B.V. Se io ho capito bene quello che Lei vuole dire, è che la parola ha una sua ambiguità e anche un potere sulla realtà. Allora io vorrei che Lei me lo dimostrasse, perché, invece, secondo la mia lettura, Agostino e Adeodato giocano sull’ambiguità della parola, ma mai potranno cambiare il fatto che Adeodato è un uomo.
R. Chinaglia La questione che Agostino pone radicalmente è quella della conoscenza. Quando Lei dice che Adeodato resta comunque un uomo, questa è una conclusione gnostica, nel senso che presume di sapere già che cosa è uomo e comunque quello è il dato di riferimento. Agostino dice, appunto, che invece, stante questa struttura della parola, la conoscenza in quanto tale non c’è più e, quindi, ciascuna volta si tratta di ascoltare il segno, il significante e l’Altro, che ci sono, nella parola che ci viene formulata. Se applichiamo invece la teoria della conoscenza, sappiamo già.
Il punto focale su cui Agostino mette l’accento è l’impostazione gnostica, cioè la base di conoscenza che noi diamo per scontata, come fondamentum, e attorno a cui facciamo svolgere le cose.
Se questa base di conoscenza, anziché darla per acquisita, è messa in discussione, la realtà cambia. Non è vero che la realtà resta. É un’altra realtà, è un’altra comunicazione, è un altro parlare.
B.V. Questa è una provocazione, perché, in realtà, se io mi sono iscritta per la seconda o terza volta ai suoi corsi è perché, invece, ci sarà un margine di ombra, però c’è anche un nucleo in cui le parole che lei dice, io, in qualche modo, le sento e le capisco.
É una provocazione questa, di dire che su ogni parola bisogna indagare, che comunque non è mai data. Giusto, mi dica lei, sbaglio? È provocatorio o è un assoluto?
R. Chinaglia É un assoluto provocatorio.
B.V. Sì, è quello che volevo sapere. Ha paura di essersi sbilanciato troppo, visto che ho detto che capisco?

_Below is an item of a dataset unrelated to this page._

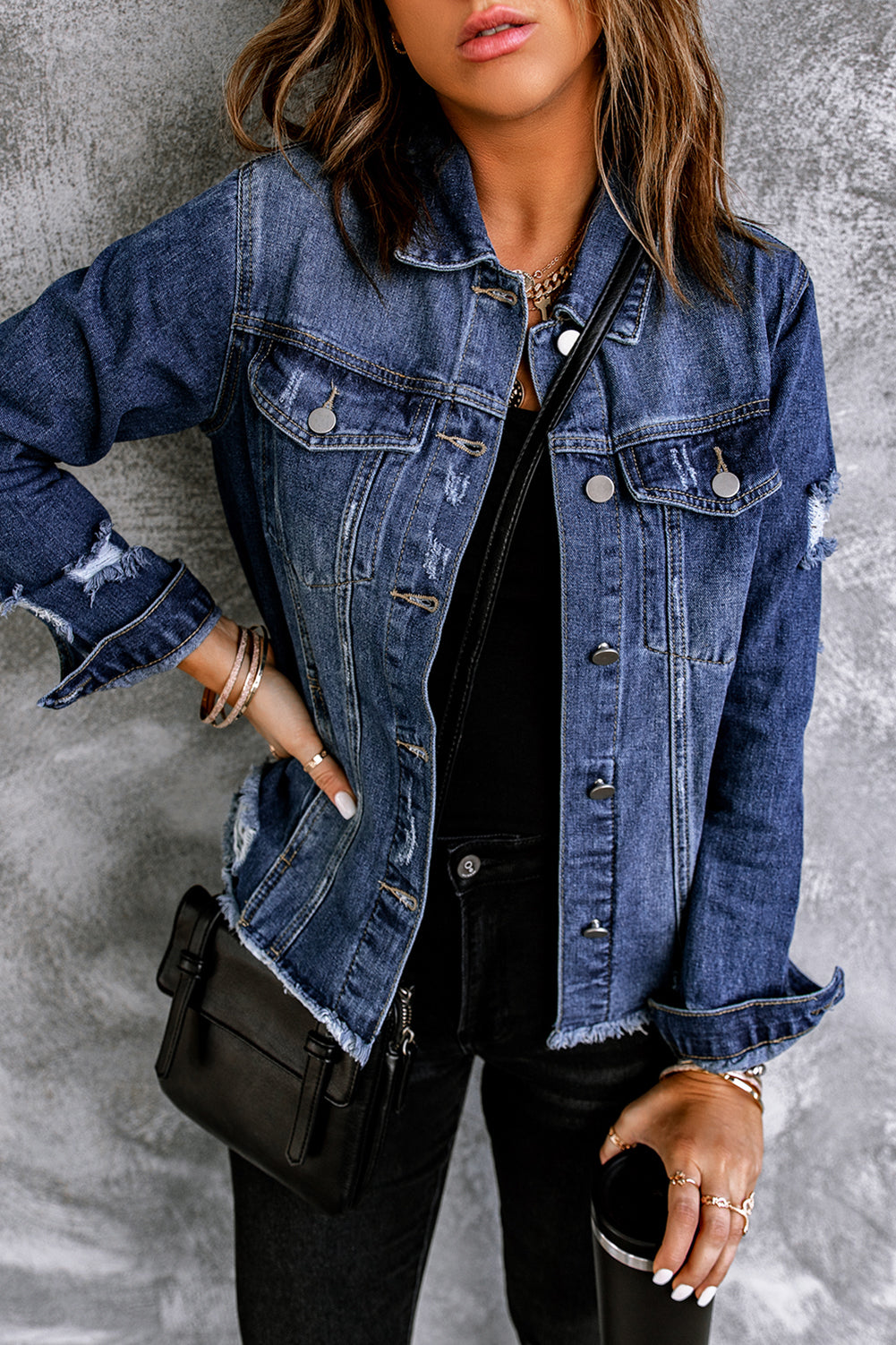 Blue distressed denim jacket with lapels and raw hem buttons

R. Chinaglia No. É qualcosa che provoca, non come provocazione volontaria. Lei coglie in questo che c’è una provocazione rispetto all’intelligenza.
B.V. Rispetto a un metodo d’indagine.
R. Chinaglia Esatto. A un metodo d’indagine e anche rispetto a un certo modo delle cose.
Ma il più bello viene adesso, perché è adesso che Agostino trae le conclusioni, però abbiamo fatto le sette e mezza, vi vedo molto stanchi, provatissimi. Tra l’altro, mi dispiace, perché di solito dedichiamo una parte della lezione al dibattito, allo scambio, e questa sera invece pochissimo o quasi niente. Però alcune cose bisognava che in qualche modo venissero poste. Nulla vieta che però le possiamo riprendere la prossima volta.